Excerpted records -

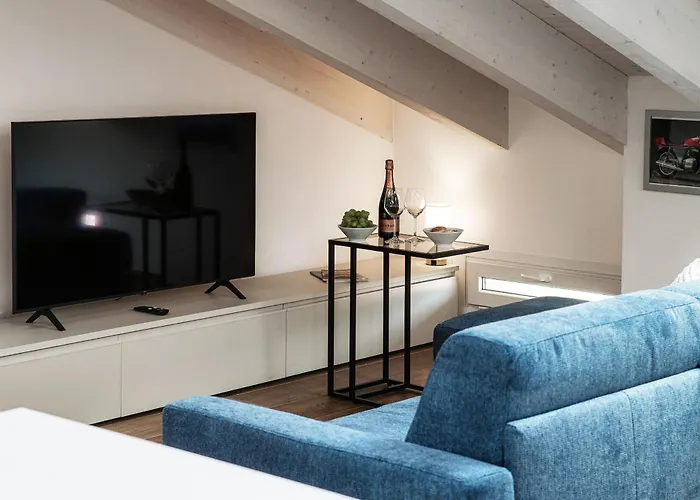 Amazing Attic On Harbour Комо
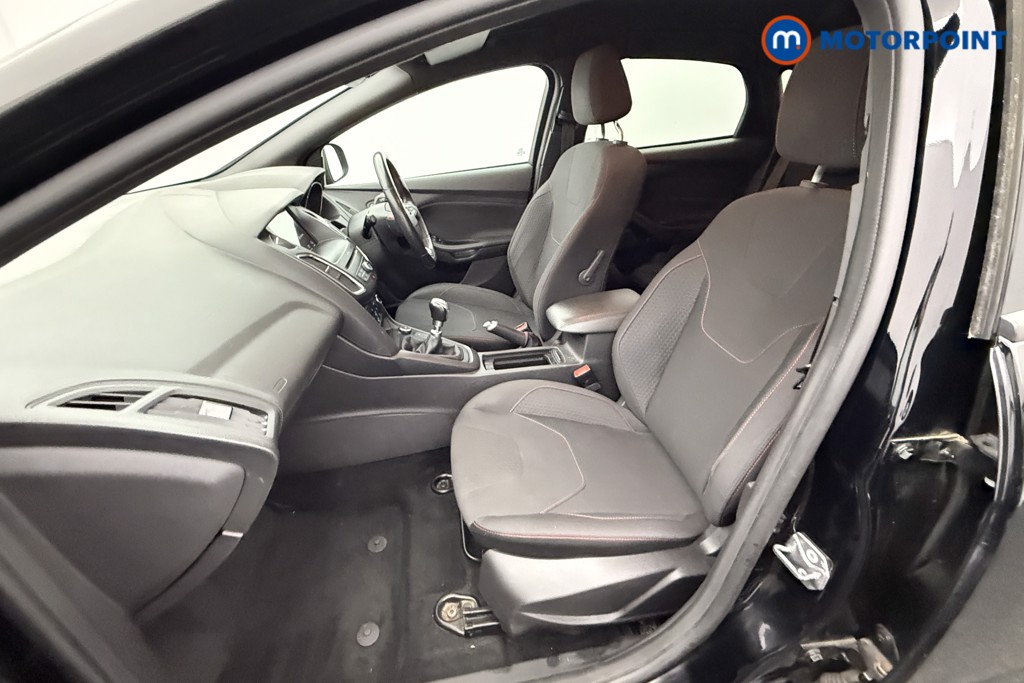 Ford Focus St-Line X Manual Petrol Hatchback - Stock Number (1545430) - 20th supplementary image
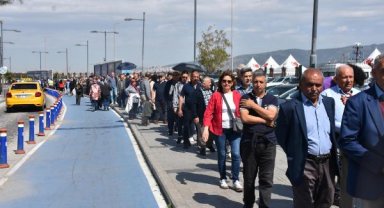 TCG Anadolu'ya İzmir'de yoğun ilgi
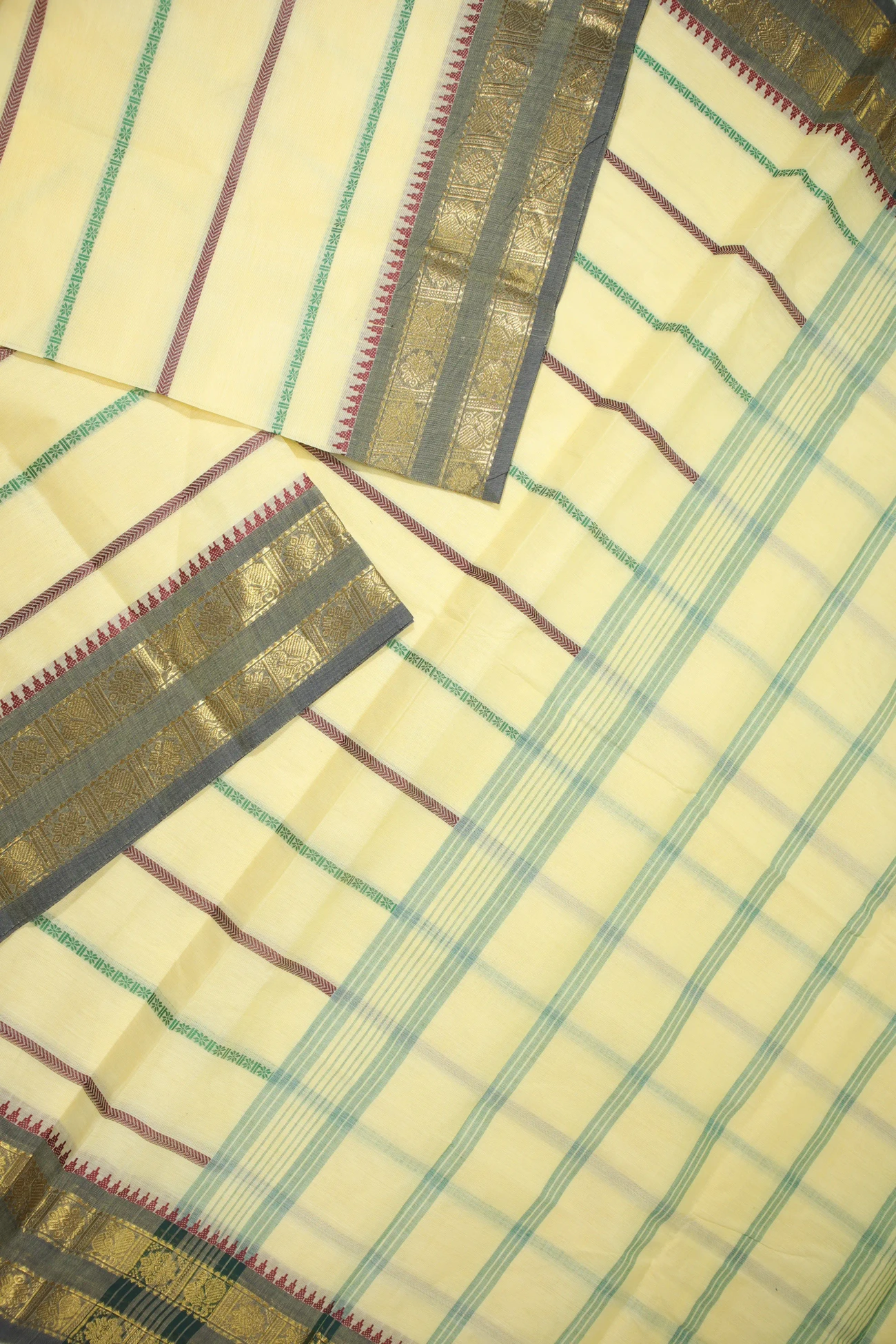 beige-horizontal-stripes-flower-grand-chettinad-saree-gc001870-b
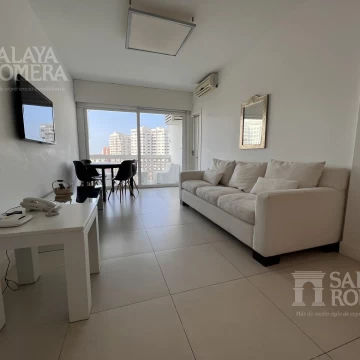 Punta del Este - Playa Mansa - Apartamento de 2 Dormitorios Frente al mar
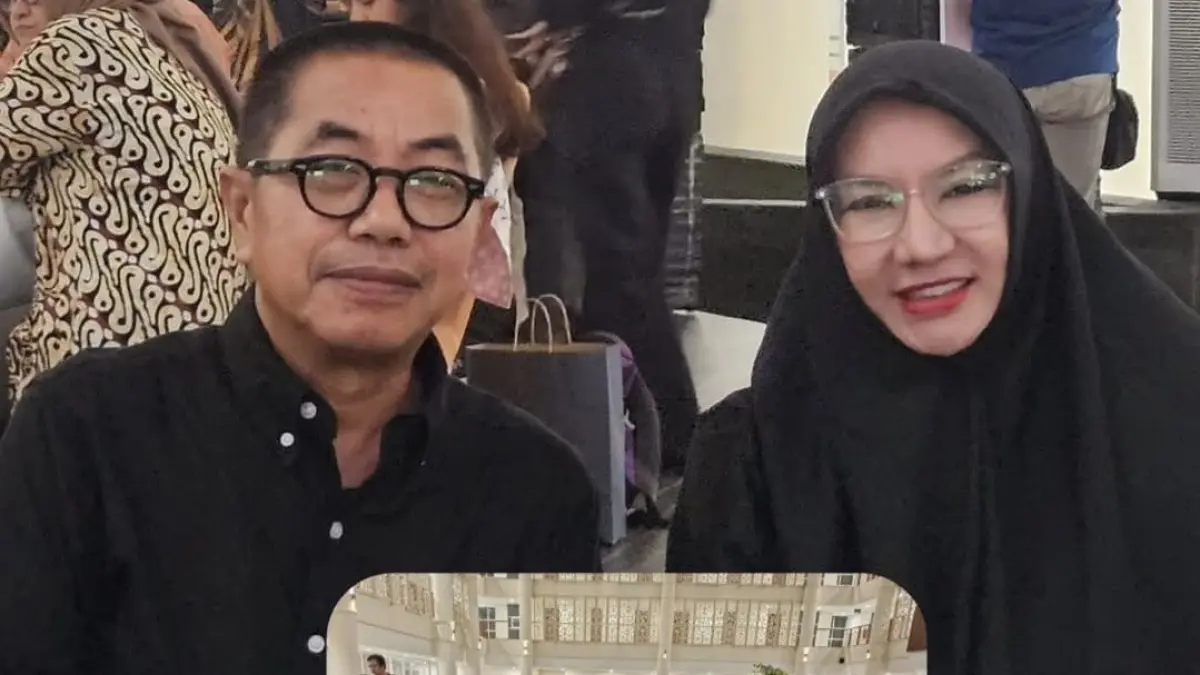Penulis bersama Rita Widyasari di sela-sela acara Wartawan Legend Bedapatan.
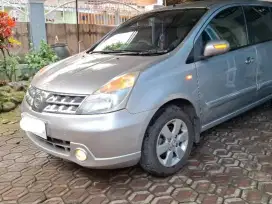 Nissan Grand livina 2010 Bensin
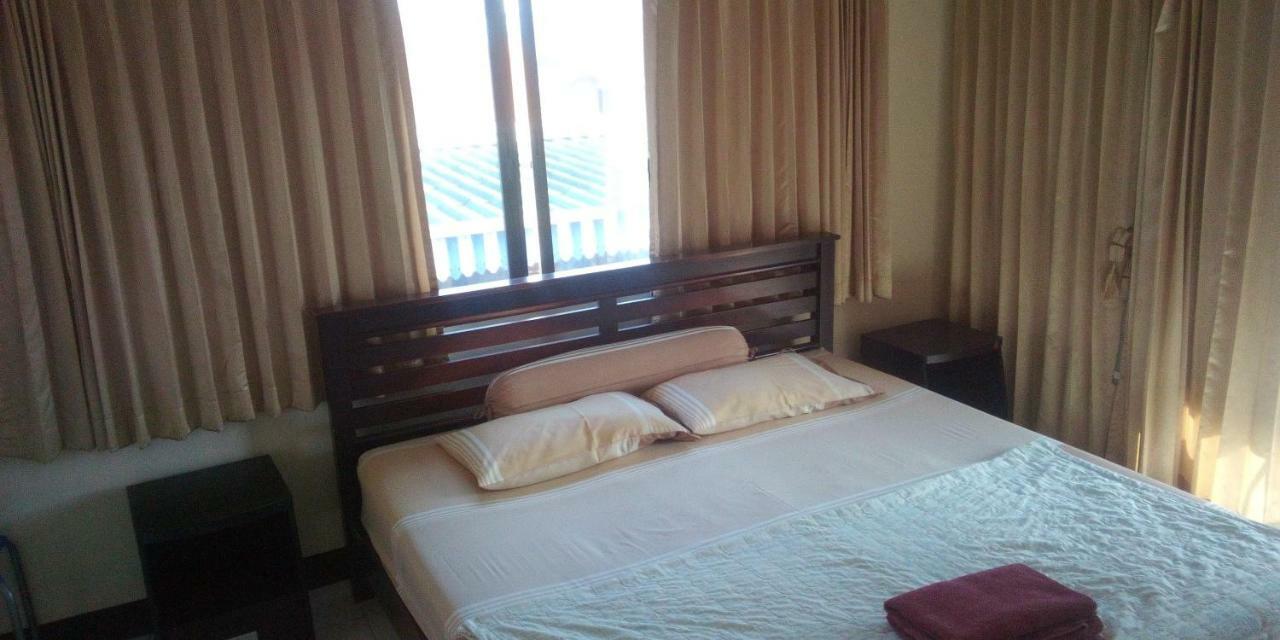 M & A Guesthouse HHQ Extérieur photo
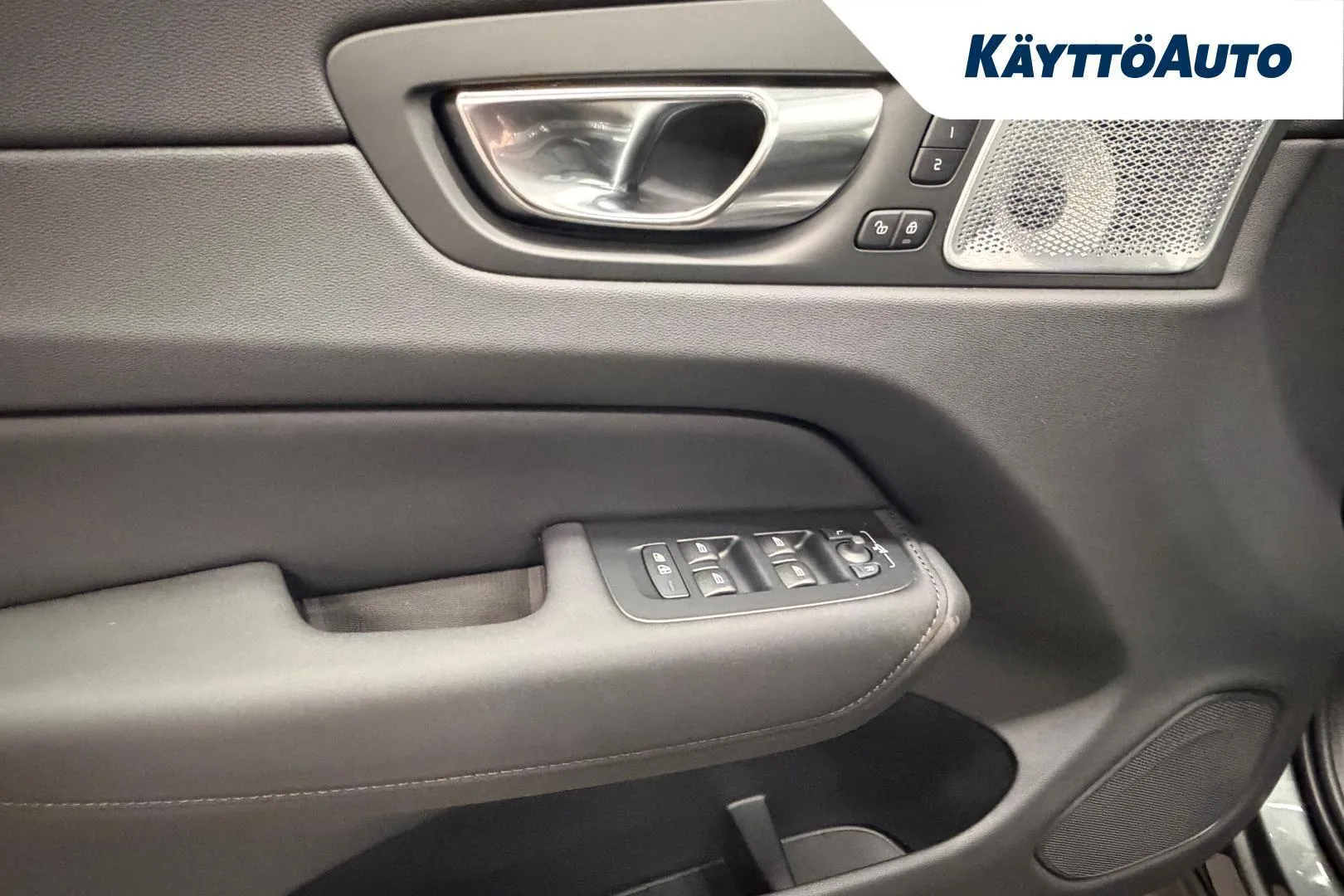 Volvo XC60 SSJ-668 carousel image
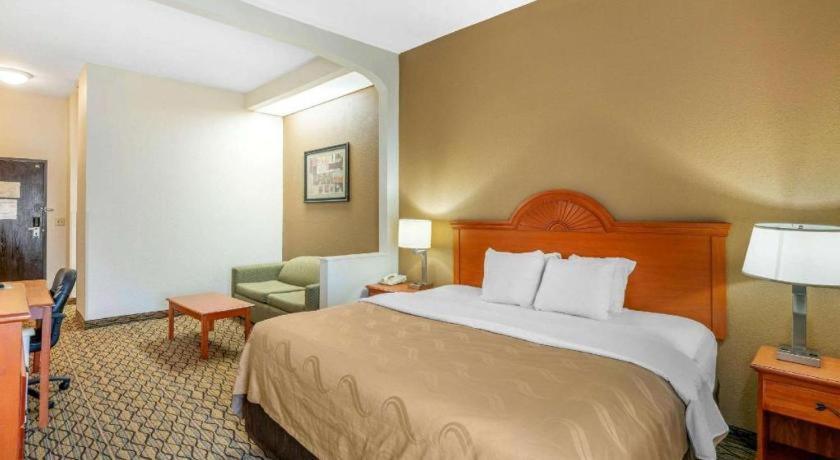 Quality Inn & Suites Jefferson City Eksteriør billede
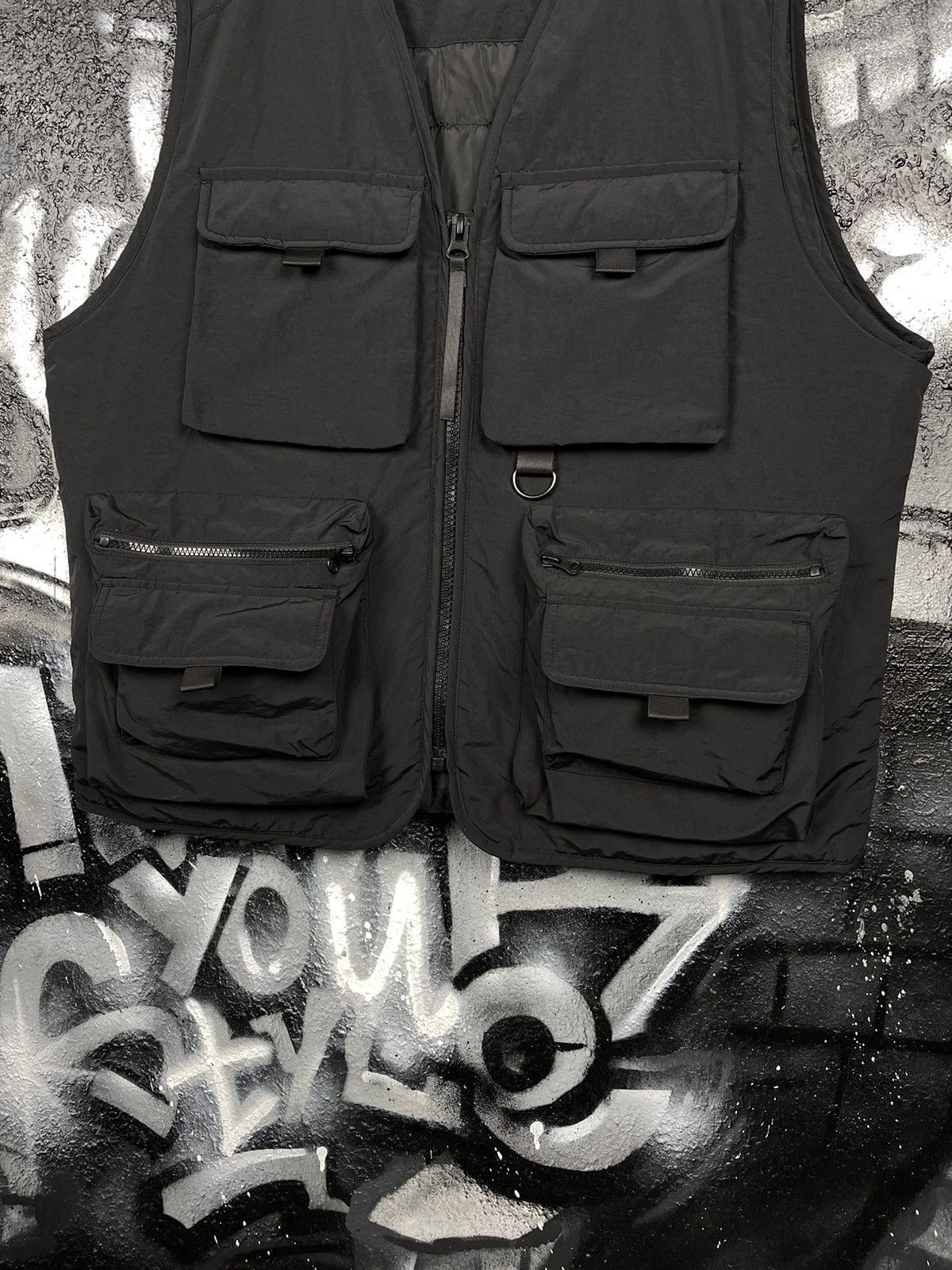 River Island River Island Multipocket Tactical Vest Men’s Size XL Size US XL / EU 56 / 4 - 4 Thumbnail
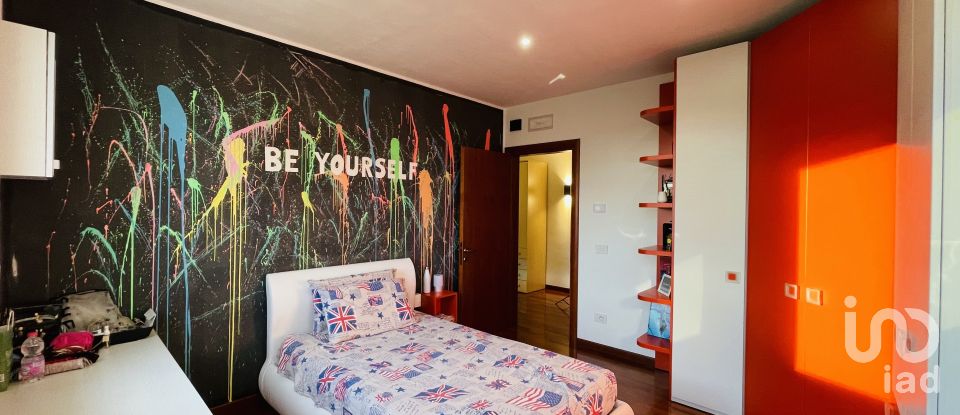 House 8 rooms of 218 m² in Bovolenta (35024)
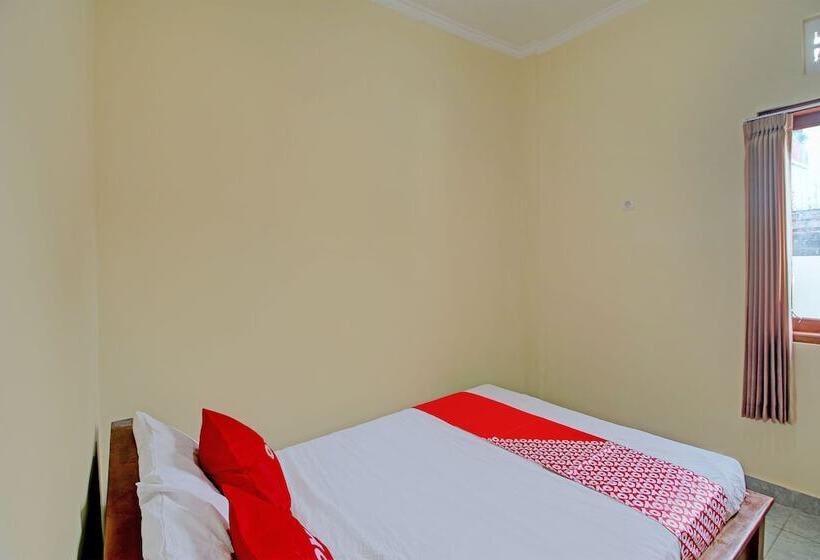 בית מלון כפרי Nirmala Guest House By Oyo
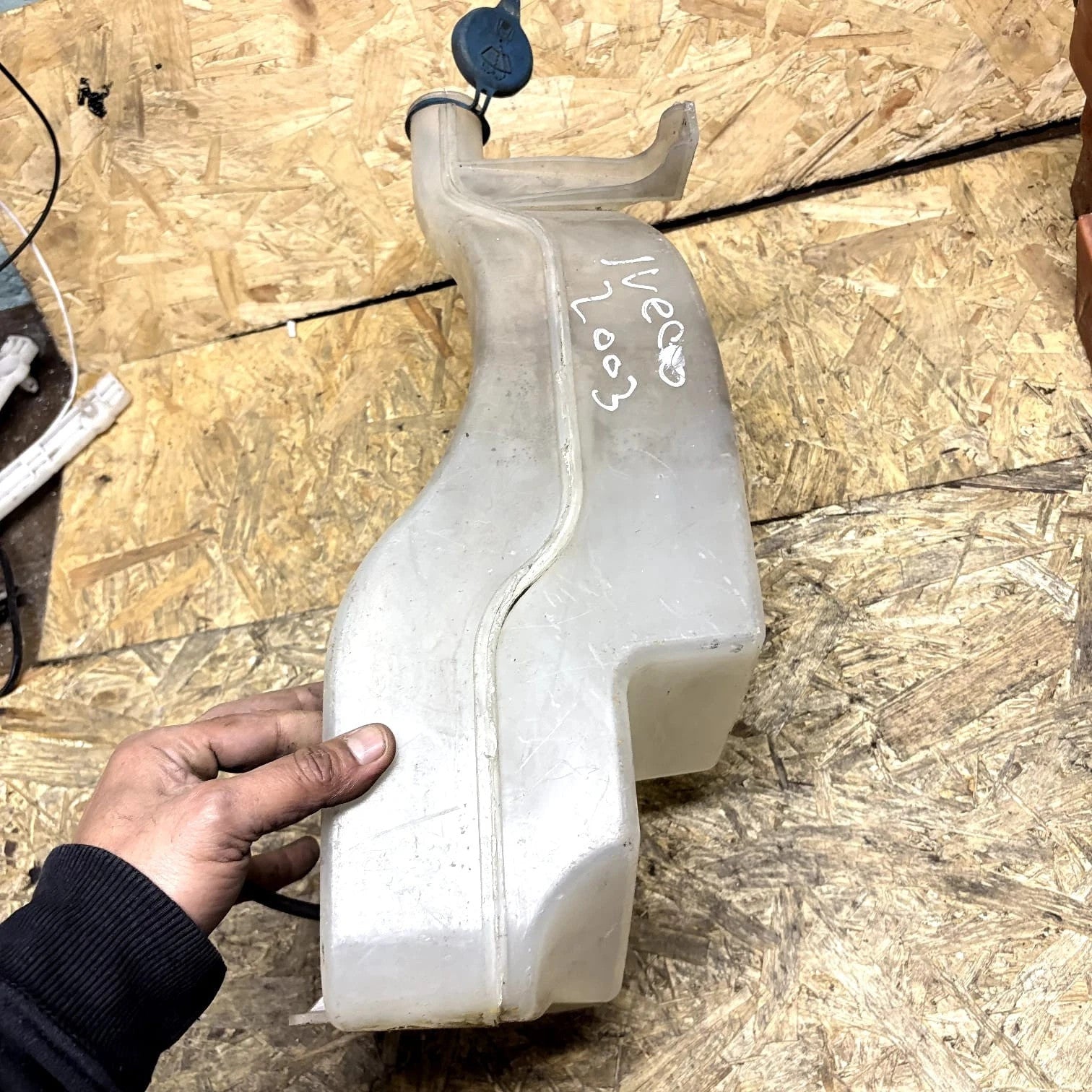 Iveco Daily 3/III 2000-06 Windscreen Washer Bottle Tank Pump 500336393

Task directions -
From the records above, copy only the lines running from the line holding "Ford Focus St-Line" through the line holding "beige-horizontal-stripes-flower-grand-chettinad-saree-gc001870-b", with no pictures.

Answer section -
 Ford Focus St-Line X Manual Petrol Hatchback - Stock Number (1545430) - 20th supplementary image
 TCG Anadolu'ya İzmir'de yoğun ilgi
 beige-horizontal-stripes-flower-grand-chettinad-saree-gc001870-b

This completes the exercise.